Dalam novel ini pengarang tidak hanya menyajikan sebuah kehidupan lingkungan yang asri, sejuk dan ramai juga, melainkan sebuah daerah dimana tempat tersebut memang tempat terjadinya cerita. Daerah-daerah lingkungan kehidupan tersebut tidak hanya di sekitar tempat kelahiran pengarang, namun pengarang menyajikan daerah-daerah secara merata.
4)      Penutup/Pesan Mengenai Novel
Berdasarkan cerita novel “Anteping Wanita” beserta analisisnya, dapat kita lihat sebuah pesan yang sangat menarik jika dilihat dari sudut pandag zaman sekarang. Jika dilihat di sekitar kita mungkin masih banyak terdapat cerita nyata seperti itu. Namun, sedikit sekali orang yang berwatak sama seperti Intarti, yang memiliki hati yang sangat kuat, walaupun sebenarnya dia rapuh. Namun, demi kebaikan semua dia bersedia merelakan segalanya dan meninggalkan kehidupannya tersebut untuk mencari kehidupan yang baru. Any Asmara membangun watak Intarti tidak hanya sekedar direkayasa, namun Any Asmara memiliki alasan lain, yaitu dia percaya bahwa wanita yang memang berbudi luhur, yang memiliki cinta sejati itu akan bersedia berkorban demi orang yang dicintainya tersebut, dan dia percaya bahwa akan ada hikmah yang diberikan Allah Swt dibalik semuanya.



10.  Novel Wewadi Alas Pejaten (karya C. Is Sarjoko)
1)      Latar Belakang
Novel ini banyak menonjolkan permasalahan peristiwa-peristiwa sosial meliputi kehidupan dari tokoh utamanya, yang memiliki latar kehidupan yang kurang baik, serta pergaulan Budi Angkoro yang keliru sehingga membuat dia menjadi sosok perampok di masa dewasanya. Sikap pendendam dan aroganya terbentuk karena dia tumbuh pada lingkugan yang kurang baik. permasalahan dalam batinnyapun juga ikut berpengaruh dalam cerita. Secara  sadar  atau  tidak  sadar,keadaan  batin Budi Angkoro terkadang menentang serta tidak setuju  dengan  kelakuan  kasarnya, akan  tetapi juga   sering   kalah   dengan   kebutuhan   dan tuntutan  untuk  bertahan  hidup,  sehingga  dia nekat untuk melakukan pembalakan liar di hutan.

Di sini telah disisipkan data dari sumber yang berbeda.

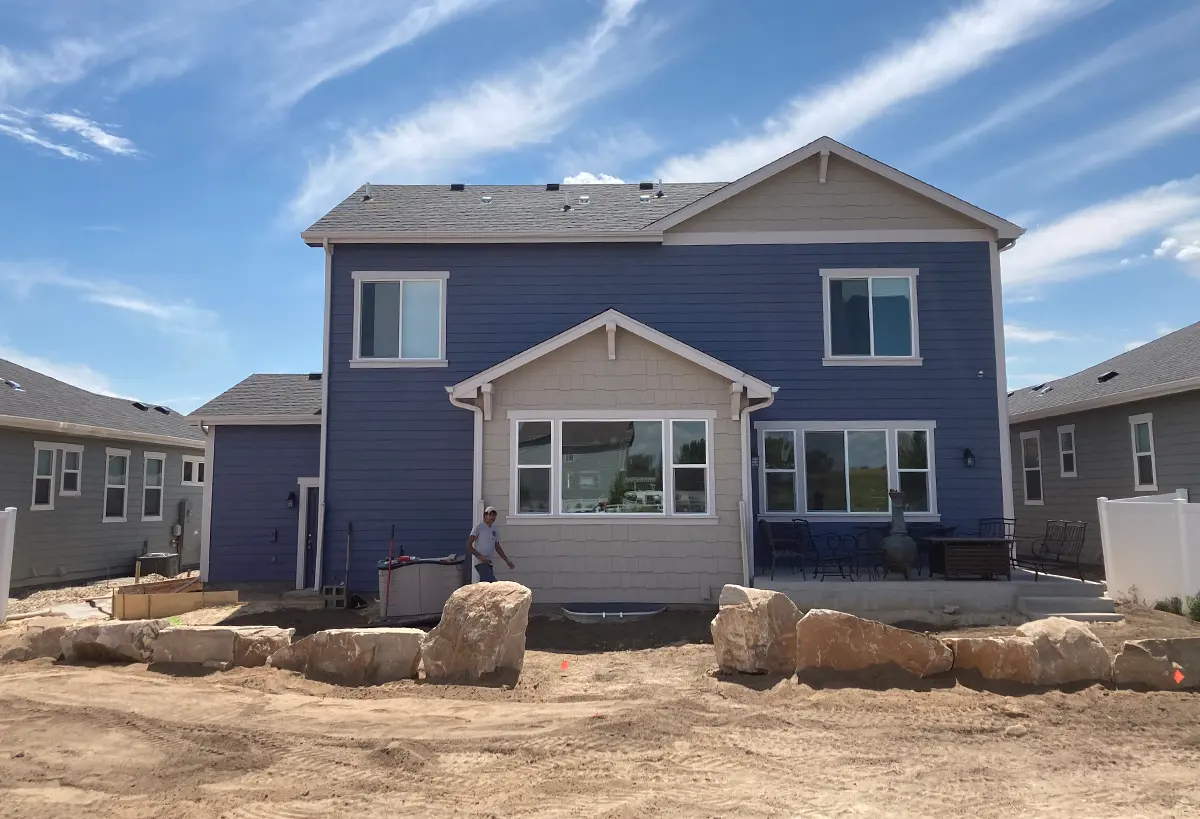 Blue Spruce Horticulture enhanced the Boxwood Drive Project in Windsor, Colorado with xeriscape, modern architecture, and a low maintenance garden.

Diceritakan bahwa saat Budi Angkoro masih kecil sudah melakukan pencurian kayu di hutan. Budi Angkoro sedikit demi sedikit mencuri  kayu  sehingga  sudah  menjadi kebiasaan. Kebiasaannya yang demikian membuat Budi Angkooro semakin nekat sehingga ketika ia telah dewasa. Ia mendirikan kelompok  pembalakan  liar  dan  diangkat menjadi ketua kelompok tersebut.Budi Angkoro menjadi dalang peristiwa pembalakan liar yang terjadi di hutan. Peristiwa pembalakan itu merupakan titik awal kemunculan permasalahan yang terdapat pada novel ini.
1.2.Pembalakan
Peristiwa pembalakan saat Budi Angkoro masih kecil dan pada masa remaja merupakan peristiwa pendukung menuju peristiwa pembalakan utama. Pembalakan besar yang dia pimpin tidak selalu berhasil dengan lancar, pada saat Dibyo bertugas (seorang polisi baru) dan mencium pembalakan Budi Angkoro beserta kelompoknya. Keberadaan Dibyo yang menjadi polisi membuat Budi Angkoro menjadi berhati- hati dalam bertindak sehingga suatu malam saat menjalankan aksinya, kaki Budi Angkoro tertembak timah panas milik polisi baru tersebut. Kejadian tersebut membuat Budi Angkoro menjadi marah dan memiliki rasa dendam kepada polisi Dibyo. Kemarahan Budi Angkoro yang tak terbendung, membuat Budi Angkoro menjadi  lebih  nekat.  Budi  Angkoro membalaskan dendamnya dengan cara merampok dan membunuh dan menculik anaknya polisi Dibyo.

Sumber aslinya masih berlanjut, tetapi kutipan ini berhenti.